Most podcasts have no B-roll because there's nothing to cut to, one camera, sometimes none. You source it four ways: text and graphic overlays pulled from what's being said, stock cutaways that match the topic, screen recordings of anything referenced, and AI-generated visuals. Pick the lightest one that adds real information, not the flashiest.
Here's how each works in practice:
- Text and graphic overlays. The cheapest, most reliable B-roll is the words already being spoken. Pull a key phrase, a statistic, or a three-item list onto the screen as the guest says it. A number held on screen for two seconds reads instantly on mute and never goes off-topic. For most talking-head clips this is the only B-roll you need.
- Stock cutaways. Free libraries like Pexels and Pixabay have usable clips, and there are paid ones if you need range. The rule: it has to match what's being said literally, not vaguely. A guest mentions a city, you show that city. Generic "person typing on laptop" stock reads as filler and quietly cheapens the clip, viewers clock it instantly.
- Screen recordings. If your guest references an app, a website, a chart, a tweet, or a product, record it and cut to it. This is the most credible B-roll because it's specific and real, and it's the easiest win for tech, business, and how-to shows. A ten-second screen capture of the exact thing under discussion beats any stock clip.
- AI-generated visuals. For abstract ideas with no literal footage, a concept, a hypothetical, a scene that doesn't exist, a generated image or short clip can fill the gap. Use it sparingly, and if a viewer might mistake it for real footage of a real event, label it. AI B-roll is a tool for illustration, not for faking something that happened.
How much B-roll does a podcast clip actually need?
Less than you think. A strong 30-to-60-second clip often needs zero B-roll if the speaker is engaging and the captions are clean. When the clip drags or the same shot has held too long, add one cutaway, a phrase on screen, a screen recording, a single stock shot, and only where it genuinely supports the words. B-roll is a fix for a problem, not a default ingredient.

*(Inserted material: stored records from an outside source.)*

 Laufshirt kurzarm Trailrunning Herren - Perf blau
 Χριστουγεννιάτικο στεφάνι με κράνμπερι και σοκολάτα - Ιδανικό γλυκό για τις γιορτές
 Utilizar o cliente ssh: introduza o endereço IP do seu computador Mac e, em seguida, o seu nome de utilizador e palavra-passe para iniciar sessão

The failure mode is over-editing: a cut every two seconds, stock footage that means nothing, motion for its own sake. That doesn't read as polished; it reads as noise, and it buries the one thing that makes podcast clips work, a real person saying something worth hearing. The best operators use B-roll like seasoning. A pinch where the dish needs it, nothing where it doesn't.
This is also why B-roll sits below captions and framing in priority. Get the 9:16 vertical crop and the moment selection right first; those decide whether the clip works at all. B-roll is the last 10%, not the first.

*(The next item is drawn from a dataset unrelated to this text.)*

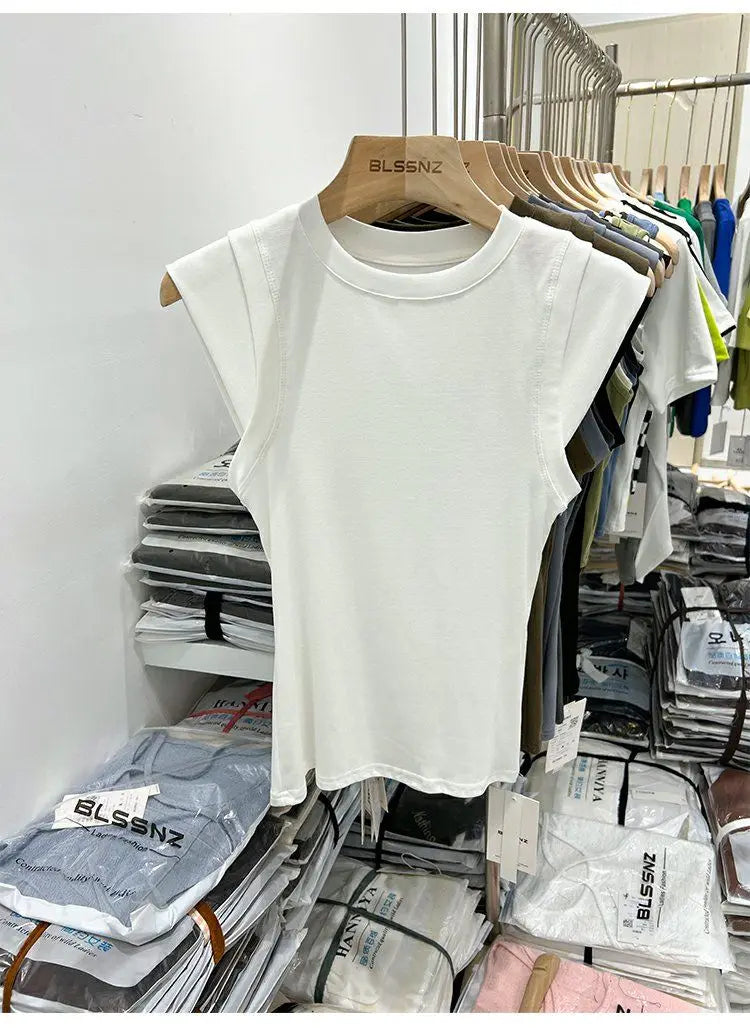 Summer Women T Shirt Girls T-Shirt Woman Clothes Tops Cotton Slim Tshirt Female Long Sleeve Crop Top Spring Tee Sexy Canale Y2k
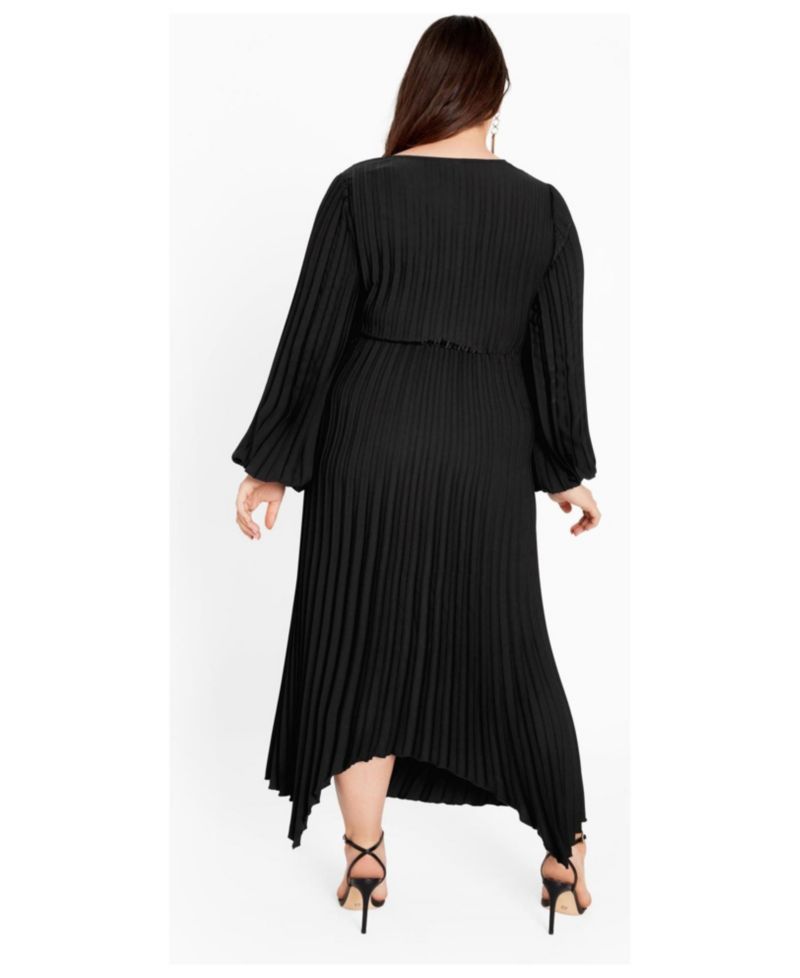 Plus Size Eve Pleat Dress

Frequently asked questions
Is B-roll the same as a cutaway? Practically, yes. "Cutaway" is the edit, the moment you cut from the speaker to something else. "B-roll" is the footage you cut to. You use B-roll to make a cutaway. People use the terms interchangeably and you'll be understood either way.

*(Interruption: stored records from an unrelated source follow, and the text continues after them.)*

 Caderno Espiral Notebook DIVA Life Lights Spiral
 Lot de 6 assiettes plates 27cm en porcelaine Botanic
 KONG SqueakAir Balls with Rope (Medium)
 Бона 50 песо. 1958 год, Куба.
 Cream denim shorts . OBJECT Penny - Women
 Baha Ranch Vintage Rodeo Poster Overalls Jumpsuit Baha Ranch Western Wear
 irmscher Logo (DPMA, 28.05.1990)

Do you need B-roll for a podcast clip? No. A talking-head clip with sharp captions and a good hook can perform fine with no B-roll at all. Add it only when a shot has gone stale or a visual would carry the point better than the face. For audio-only moments, the format question is different, reach for an audiogram or a quote card instead.
Where do you find free B-roll for podcasts? Pexels and Pixabay offer free stock clips; always check the licence before using one commercially. But the best free B-roll is what you already have, text overlays pulled from the transcript, and screen recordings of anything your guest references. Those are free, specific, and never look like stock.
Can AI add B-roll to my clips automatically? Some tools can suggest or insert overlays and stock based on the transcript and detected topics. It's a starting point, not a finished edit, AI will happily drop in a cutaway that's loosely on-topic, so you still review every insertion and cut the ones that say nothing. Treat auto-B-roll as a draft.